# [Available data]
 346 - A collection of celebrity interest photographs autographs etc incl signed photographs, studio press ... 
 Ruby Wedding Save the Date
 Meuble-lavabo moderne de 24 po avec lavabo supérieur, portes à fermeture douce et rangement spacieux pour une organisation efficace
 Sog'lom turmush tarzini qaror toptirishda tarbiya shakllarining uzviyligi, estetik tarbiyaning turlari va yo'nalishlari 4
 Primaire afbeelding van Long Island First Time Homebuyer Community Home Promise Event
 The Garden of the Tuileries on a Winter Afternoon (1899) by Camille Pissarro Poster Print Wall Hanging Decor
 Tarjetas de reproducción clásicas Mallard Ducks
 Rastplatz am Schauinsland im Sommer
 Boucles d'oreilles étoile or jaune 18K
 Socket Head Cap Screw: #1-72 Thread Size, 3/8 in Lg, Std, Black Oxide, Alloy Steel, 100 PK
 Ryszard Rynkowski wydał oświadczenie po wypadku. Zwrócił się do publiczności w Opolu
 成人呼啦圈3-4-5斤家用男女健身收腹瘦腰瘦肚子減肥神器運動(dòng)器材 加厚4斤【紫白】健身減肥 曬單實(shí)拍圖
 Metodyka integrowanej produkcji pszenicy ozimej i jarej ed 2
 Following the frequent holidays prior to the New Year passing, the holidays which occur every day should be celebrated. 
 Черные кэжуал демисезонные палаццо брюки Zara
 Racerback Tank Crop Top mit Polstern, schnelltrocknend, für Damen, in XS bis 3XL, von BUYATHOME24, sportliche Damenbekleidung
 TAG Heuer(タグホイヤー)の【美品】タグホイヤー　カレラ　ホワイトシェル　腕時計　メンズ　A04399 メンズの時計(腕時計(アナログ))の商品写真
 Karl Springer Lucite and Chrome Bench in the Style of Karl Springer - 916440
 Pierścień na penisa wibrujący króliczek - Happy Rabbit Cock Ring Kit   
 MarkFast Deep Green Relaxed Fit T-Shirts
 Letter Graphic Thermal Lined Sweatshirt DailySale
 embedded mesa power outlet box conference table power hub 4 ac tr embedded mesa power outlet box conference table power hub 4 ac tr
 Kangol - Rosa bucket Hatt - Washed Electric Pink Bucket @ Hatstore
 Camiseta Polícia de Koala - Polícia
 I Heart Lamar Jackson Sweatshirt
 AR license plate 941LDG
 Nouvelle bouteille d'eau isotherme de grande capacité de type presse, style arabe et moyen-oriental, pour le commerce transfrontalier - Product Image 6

# [What you need to do]
The answer must consist of each line from the entries that contains the string "Sweatshirt".

# [Output for this exercise]
 Letter Graphic Thermal Lined Sweatshirt DailySale
 I Heart Lamar Jackson Sweatshirt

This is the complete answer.